**Task to carry out:** Look below for the lines from the one with "Stripe Long Sleeve" to the one with "Exotic carambola healthy", and copy exactly those lines, both ends included.

**Supplied records:**
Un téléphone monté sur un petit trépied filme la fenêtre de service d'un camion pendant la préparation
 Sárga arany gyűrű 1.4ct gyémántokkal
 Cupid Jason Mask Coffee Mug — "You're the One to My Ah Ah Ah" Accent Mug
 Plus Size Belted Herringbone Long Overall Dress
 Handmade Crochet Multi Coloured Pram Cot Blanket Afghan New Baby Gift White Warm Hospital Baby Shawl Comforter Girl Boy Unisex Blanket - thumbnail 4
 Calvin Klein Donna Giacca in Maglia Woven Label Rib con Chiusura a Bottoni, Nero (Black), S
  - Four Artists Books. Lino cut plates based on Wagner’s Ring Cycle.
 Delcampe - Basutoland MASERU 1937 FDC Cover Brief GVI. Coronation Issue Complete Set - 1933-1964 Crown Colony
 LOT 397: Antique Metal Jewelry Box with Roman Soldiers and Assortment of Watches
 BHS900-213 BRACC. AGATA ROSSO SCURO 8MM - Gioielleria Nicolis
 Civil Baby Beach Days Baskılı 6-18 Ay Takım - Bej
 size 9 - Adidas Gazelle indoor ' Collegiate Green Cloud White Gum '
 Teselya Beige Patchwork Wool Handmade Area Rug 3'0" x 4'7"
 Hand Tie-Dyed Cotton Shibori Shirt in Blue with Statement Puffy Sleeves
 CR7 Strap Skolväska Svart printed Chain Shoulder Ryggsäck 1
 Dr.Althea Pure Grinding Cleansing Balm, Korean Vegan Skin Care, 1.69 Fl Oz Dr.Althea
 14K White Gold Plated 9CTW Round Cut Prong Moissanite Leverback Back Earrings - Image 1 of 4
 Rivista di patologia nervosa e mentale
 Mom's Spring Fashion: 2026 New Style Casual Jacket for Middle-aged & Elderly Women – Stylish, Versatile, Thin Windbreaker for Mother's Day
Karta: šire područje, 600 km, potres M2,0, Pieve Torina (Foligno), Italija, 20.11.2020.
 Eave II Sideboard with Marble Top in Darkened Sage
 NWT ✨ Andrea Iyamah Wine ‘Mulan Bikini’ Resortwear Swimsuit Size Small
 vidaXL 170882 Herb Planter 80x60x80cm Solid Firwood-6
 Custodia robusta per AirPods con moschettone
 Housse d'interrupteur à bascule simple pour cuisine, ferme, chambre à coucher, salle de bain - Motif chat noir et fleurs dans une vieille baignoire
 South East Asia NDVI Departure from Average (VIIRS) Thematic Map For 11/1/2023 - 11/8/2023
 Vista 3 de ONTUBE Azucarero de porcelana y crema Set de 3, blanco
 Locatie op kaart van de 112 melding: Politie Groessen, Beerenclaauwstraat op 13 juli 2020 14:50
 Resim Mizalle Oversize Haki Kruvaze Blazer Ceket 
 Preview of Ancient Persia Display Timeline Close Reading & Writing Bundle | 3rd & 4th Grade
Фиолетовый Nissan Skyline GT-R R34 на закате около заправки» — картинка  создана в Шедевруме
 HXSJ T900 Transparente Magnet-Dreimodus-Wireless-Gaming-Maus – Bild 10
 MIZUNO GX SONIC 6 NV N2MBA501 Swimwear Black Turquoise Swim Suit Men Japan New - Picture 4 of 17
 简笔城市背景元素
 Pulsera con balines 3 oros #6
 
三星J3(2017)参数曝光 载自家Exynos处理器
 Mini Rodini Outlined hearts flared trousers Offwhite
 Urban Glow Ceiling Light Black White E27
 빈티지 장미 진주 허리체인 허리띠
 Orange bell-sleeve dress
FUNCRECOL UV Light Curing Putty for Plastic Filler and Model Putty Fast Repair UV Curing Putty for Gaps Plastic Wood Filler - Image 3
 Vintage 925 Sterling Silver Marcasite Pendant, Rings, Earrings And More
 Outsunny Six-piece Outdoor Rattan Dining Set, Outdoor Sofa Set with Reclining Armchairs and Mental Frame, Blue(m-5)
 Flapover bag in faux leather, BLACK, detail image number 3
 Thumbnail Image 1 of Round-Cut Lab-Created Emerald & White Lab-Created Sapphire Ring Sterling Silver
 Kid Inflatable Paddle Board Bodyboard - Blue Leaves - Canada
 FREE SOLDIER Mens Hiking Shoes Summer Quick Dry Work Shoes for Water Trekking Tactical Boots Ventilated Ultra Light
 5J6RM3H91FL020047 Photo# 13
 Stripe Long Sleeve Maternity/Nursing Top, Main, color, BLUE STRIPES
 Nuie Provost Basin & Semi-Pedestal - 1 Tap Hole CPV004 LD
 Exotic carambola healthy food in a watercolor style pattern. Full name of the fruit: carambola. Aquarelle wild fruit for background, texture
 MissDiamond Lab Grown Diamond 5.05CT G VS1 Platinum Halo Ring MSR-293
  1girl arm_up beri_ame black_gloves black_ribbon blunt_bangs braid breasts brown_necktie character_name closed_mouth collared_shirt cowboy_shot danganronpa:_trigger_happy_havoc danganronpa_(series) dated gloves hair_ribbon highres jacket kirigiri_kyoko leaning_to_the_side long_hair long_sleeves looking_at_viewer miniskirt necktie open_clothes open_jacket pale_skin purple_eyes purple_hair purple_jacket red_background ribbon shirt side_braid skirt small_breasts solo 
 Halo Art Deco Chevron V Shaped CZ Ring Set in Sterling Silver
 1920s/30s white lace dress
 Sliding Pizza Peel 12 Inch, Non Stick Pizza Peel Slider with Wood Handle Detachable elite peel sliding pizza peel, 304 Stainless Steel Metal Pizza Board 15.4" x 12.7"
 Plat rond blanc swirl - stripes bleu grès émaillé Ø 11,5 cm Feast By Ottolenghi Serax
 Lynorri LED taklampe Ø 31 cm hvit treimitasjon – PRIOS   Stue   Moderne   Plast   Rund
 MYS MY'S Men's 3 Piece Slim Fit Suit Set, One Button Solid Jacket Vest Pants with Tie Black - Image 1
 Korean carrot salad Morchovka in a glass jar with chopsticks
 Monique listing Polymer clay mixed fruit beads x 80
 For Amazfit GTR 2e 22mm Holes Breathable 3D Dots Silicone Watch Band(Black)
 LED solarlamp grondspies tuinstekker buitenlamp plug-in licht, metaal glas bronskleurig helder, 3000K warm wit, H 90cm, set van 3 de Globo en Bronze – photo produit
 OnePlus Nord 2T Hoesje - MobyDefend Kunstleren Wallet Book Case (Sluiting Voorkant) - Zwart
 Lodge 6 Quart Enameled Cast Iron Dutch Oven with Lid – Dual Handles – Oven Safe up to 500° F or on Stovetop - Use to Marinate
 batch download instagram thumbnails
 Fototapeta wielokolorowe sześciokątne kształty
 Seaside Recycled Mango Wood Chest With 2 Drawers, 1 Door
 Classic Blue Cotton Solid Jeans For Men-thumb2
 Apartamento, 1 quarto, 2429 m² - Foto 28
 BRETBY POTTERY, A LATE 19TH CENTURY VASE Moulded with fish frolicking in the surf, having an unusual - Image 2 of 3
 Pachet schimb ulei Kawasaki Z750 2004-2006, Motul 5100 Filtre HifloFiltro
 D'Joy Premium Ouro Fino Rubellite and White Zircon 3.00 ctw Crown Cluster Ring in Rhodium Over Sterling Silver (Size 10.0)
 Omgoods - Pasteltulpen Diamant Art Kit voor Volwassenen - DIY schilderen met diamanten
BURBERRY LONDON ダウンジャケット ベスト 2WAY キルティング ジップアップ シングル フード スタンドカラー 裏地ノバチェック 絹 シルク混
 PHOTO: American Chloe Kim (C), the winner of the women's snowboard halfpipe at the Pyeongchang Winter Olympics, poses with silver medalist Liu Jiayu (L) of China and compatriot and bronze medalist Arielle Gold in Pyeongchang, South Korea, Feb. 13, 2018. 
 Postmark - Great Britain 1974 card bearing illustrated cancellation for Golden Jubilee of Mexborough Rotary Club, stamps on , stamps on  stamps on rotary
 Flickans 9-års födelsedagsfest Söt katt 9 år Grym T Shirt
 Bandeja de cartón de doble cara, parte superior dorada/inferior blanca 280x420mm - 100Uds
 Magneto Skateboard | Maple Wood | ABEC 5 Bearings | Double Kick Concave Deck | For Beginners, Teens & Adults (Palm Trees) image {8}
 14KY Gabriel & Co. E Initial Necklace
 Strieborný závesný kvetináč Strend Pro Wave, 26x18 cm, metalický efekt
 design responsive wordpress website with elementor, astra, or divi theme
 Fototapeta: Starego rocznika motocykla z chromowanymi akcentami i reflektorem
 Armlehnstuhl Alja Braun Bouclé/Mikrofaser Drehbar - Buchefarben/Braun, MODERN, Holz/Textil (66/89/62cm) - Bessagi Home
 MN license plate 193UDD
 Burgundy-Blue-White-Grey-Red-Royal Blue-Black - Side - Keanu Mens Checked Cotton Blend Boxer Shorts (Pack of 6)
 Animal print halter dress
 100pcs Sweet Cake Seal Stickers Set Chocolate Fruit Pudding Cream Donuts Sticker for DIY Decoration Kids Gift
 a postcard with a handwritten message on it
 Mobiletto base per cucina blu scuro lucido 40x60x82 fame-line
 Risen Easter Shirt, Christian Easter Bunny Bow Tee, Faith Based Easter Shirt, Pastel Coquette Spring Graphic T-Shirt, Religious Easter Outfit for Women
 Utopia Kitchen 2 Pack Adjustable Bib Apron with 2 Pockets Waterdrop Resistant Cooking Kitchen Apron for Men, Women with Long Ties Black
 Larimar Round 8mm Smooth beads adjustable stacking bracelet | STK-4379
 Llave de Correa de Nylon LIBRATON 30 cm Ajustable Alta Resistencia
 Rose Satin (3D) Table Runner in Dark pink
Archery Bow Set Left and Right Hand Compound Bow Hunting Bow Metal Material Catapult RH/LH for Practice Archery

**Answer area:**
 Stripe Long Sleeve Maternity/Nursing Top, Main, color, BLUE STRIPES
 Nuie Provost Basin & Semi-Pedestal - 1 Tap Hole CPV004 LD
 Exotic carambola healthy food in a watercolor style pattern. Full name of the fruit: carambola. Aquarelle wild fruit for background, texture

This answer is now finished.